Summary
Acronym : SPE
Funder : INNOVIRIS (Brussels Region)
Start : 2015
End : 2018
Academic coordinator : Olivier Markowitch
Abstract
Cloud computing is a delivery model of computing as a service rather than a product. Services (i.e., resources, software and data) are provided to computers and other devices as utilities over a network. The services themselves are referred as Cloud services. Applications that use these cloud services by means of APIs are referred to as Cloud-based applications. Cloud-based applications are designed in a distributed and multi-party environment: they consume a multitude of third-party Cloud services and rely on infrastructures and/or platforms hosted in external data centers. The multi-party and distributed nature of cloud-based applications requires particular care with respect to security; the authentication and authorisation of users, as well as the confidentiality and integrity of their data.

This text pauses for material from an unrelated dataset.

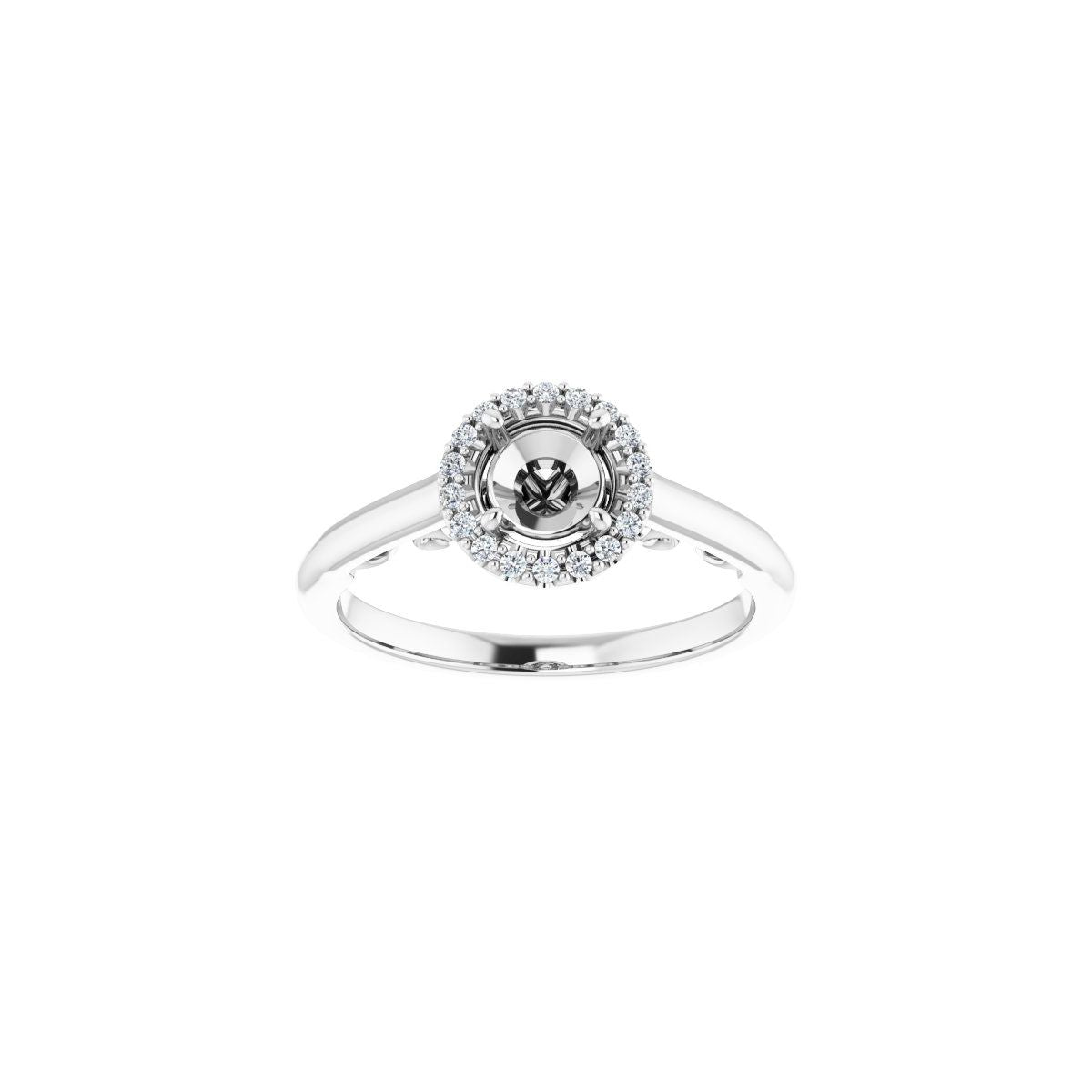 Round Halo-Style Engagement Ring Semi-Mount - gallery - Series 123082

Although several technologies and solutions are now emerging both in academia and in the industry, they only address parts of the security problems for Cloud-based applications. As a result, Cloud-based application providers are faced with difficulties when linking and bundling them into a workable security solution for their specific context.
Security of Cloud-based applications requires a holistic and proactive approach. The approach lies in good knowledge of security risks specific to Cloud-based applications. This knowledge must be built upon different aspects of the security problems; not only technical aspects but also organizational and societal ones.
The overall goal is to research whether it is feasible to address the above needs by:
- Performing scientific research with respect to the conception of a holistic & coherent set of tools, technologies and techniques that will allow the software industry to proactively think about security in their Cloud-based applications whether SaaS or Mobile. The four considered perspectives are architecture, infrastructure, programming and process.
- Conceiving a dedicated security risk management model targeted towards Cloud-based application builders (e.g., risk evaluation, mitigation responses to critical risks, vulnerabilities and threats).
- Involving the industry as validator of the two above goals through a dedicated industrial platform. The platform consists of different deliverables with objectives ranging from awareness creation up to adoption of the project results in 2 industrial target groups: software companies and technology providers and consultancies.
The SeCloud consortium consists of 11 multi-disciplinary partners. All partners have strong references as regards their scientific contribution to one perspective, and they will all contribute to realize the common goals in this project (risk management and industrial platform).